Multispecies commons and pathways
In my postdoctoral position at Malmö University, I expand and resituate the themes addressed in my PhD research through the focus on commons and pathways in urban and peri-urban areas of Scania (southern Sweden). Through various strands of enquiry, from tracing the environmental and political ecological history of the region's signature tree (the white willow Salix Alba) to collectively mapping Malmö's disappeared blue commons, I explore how to redefine and narrate socio-ecological spatial justice of the past, in the present, and for potential futures in the urban Anthropocene.
This research has resulted in various anthologies, articles, and book chapters (see Publications), as well as been exhibited as part of the public exhibition Allmänningen (see Audio/Visual).
The research forms part of the FORMAS funded research project Revisiting Allmänningar & Stråk. Spatial Justice in the 21st Century Urban-Rural Land Regime. You can read more about it here.
Wastelands of difference? Urban nature and more-than-human difference in Berlin and Gothenburg
My PhD research examined the relation between notions of ‘living with difference’, ‘unplanned’ urban nature, and official urban planning in Berlin and Gothenburg. Founded on the contention that urban wastelands may engender new versions of public space, it explores what these spaces of socio-ecological entanglements and more-than-human agencies can tell us about our capacity to live with difference in European cityscapes today.
This research resulted in my PhD thesis “Wastelands of difference? Urban nature and more-than-human difference in Berlin and Gothenburg” and various articles and book chapters (see Publications).
Part of the Berlin fieldwork is also exhibited as part of the public exhibition Allmänningen (see Audio/Visual).
The research forms part of the ERC Advanced Grant research project Rethinking Urban Nature. You can read more about it here.

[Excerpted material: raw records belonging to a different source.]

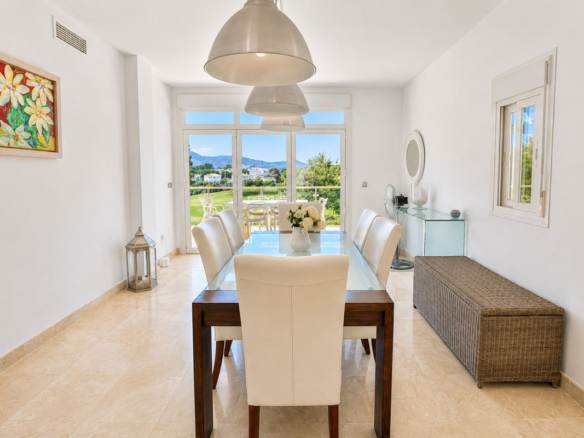 Villa for sale in Mijas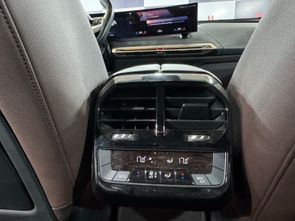 BMW IX - foto 18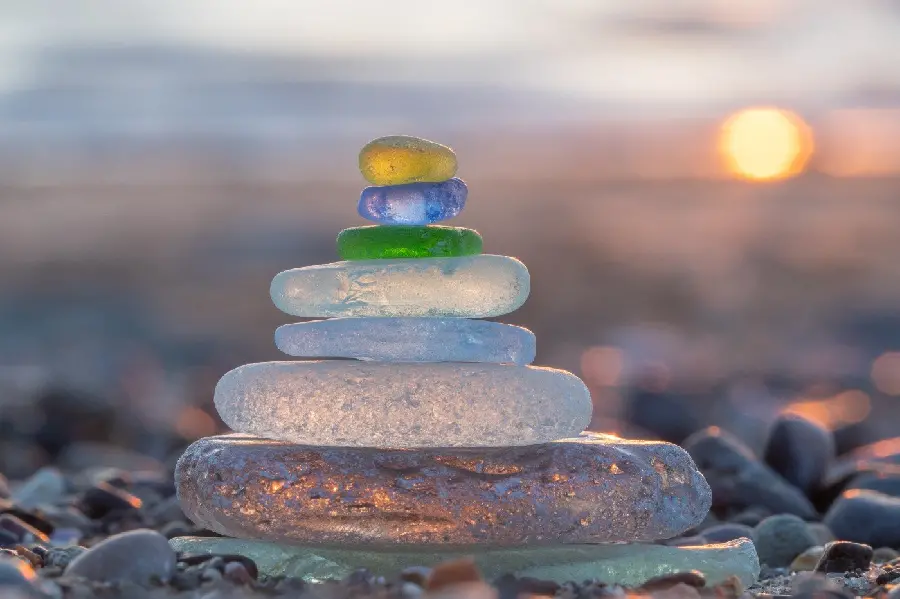 Download wallpaper of silica stone sea glass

Open planning, closed city
In 2014 I examined the issues of spatial, residential and socio-economical segregation in Göteborg [Gothenburg], Sweden, through the practices of the city’s urban planners and architects. Using practice based research methods (classic ethnographic methods and applied visual anthropology) together with a theoretical entwinement of phenomenological ideas of space and place and the Deluezian and Guattarian notions of power, I spent the late spring and summer of 2014 in the field, following several urban planners in their professional and everyday lives.
This research resulted in my MA thesis “Open planning, closed city” and an audio-visual installation of the same name (see “Anthropological framings through sound and image” in Audio/Visual).